### WORK ITEM
Leave the pictures out and restate every line below exactly.

### INFORMATION SHOWN
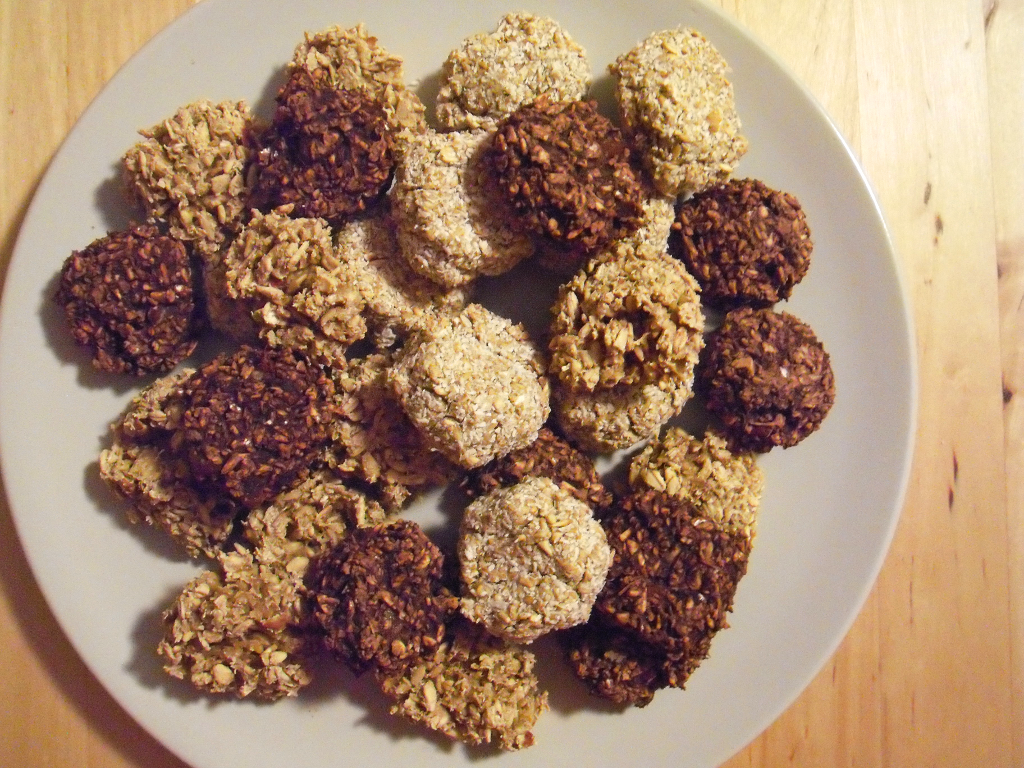 Müsli-Hafer-Kekse in drei Varianten: Apfel-Zimt, Banane-Kokos, Schoko-Dattel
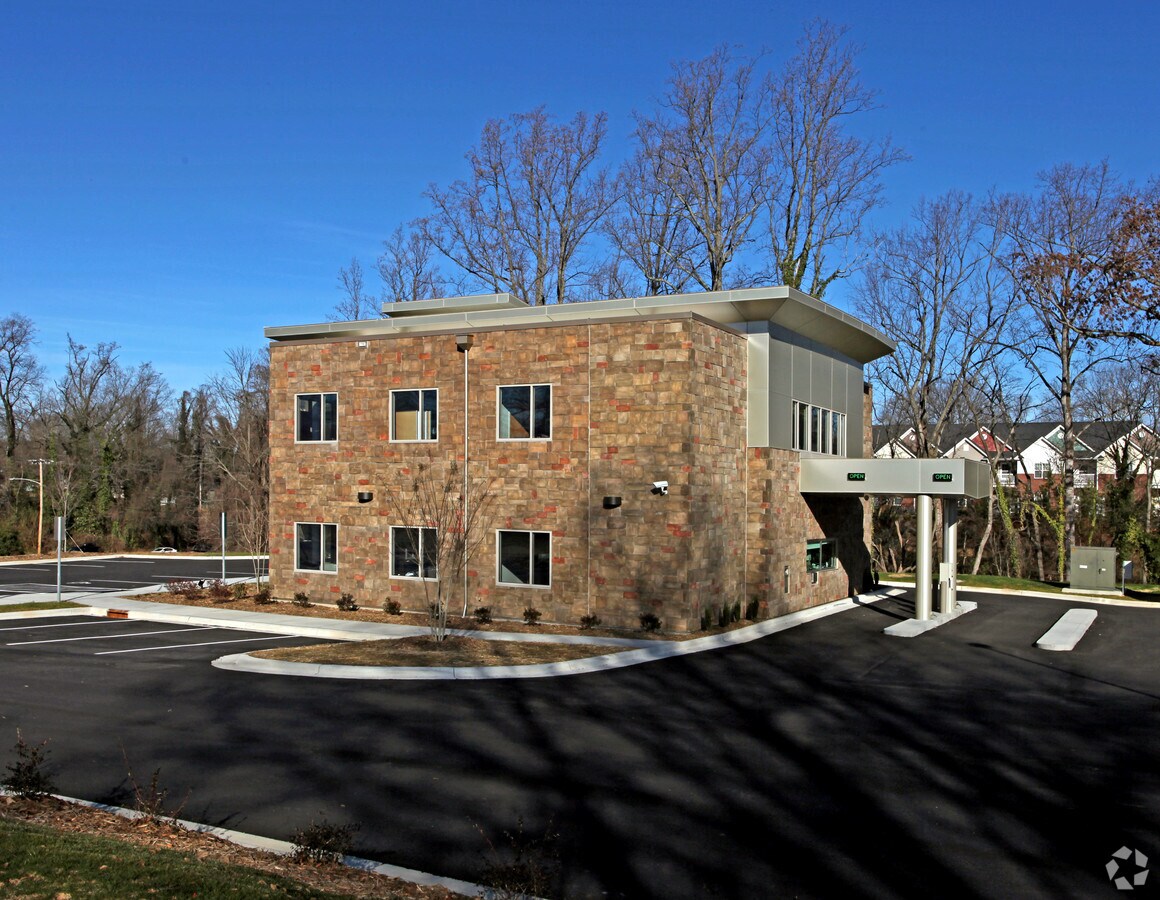 405 N Chester St, Gastonia, NC 28052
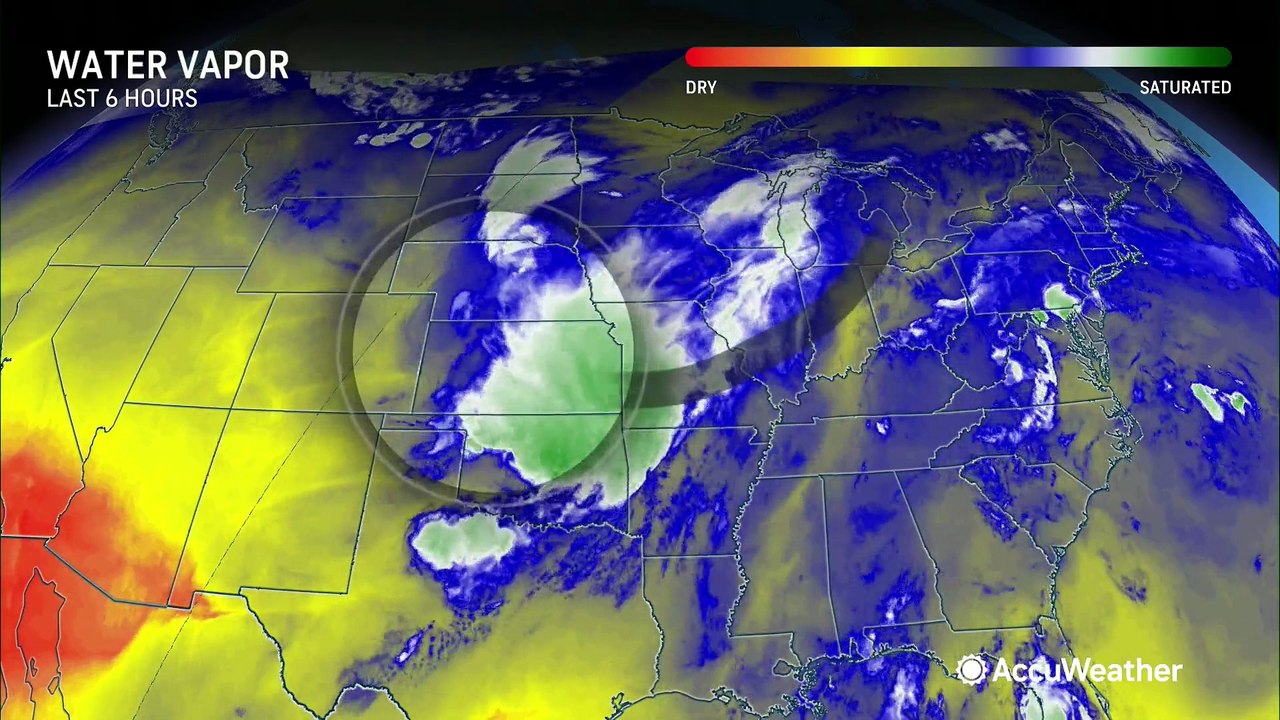 Destructive storms target the north-central US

### OUTPUT OF THE EXERCISE
 Müsli-Hafer-Kekse in drei Varianten: Apfel-Zimt, Banane-Kokos, Schoko-Dattel
 405 N Chester St, Gastonia, NC 28052
 Destructive storms target the north-central US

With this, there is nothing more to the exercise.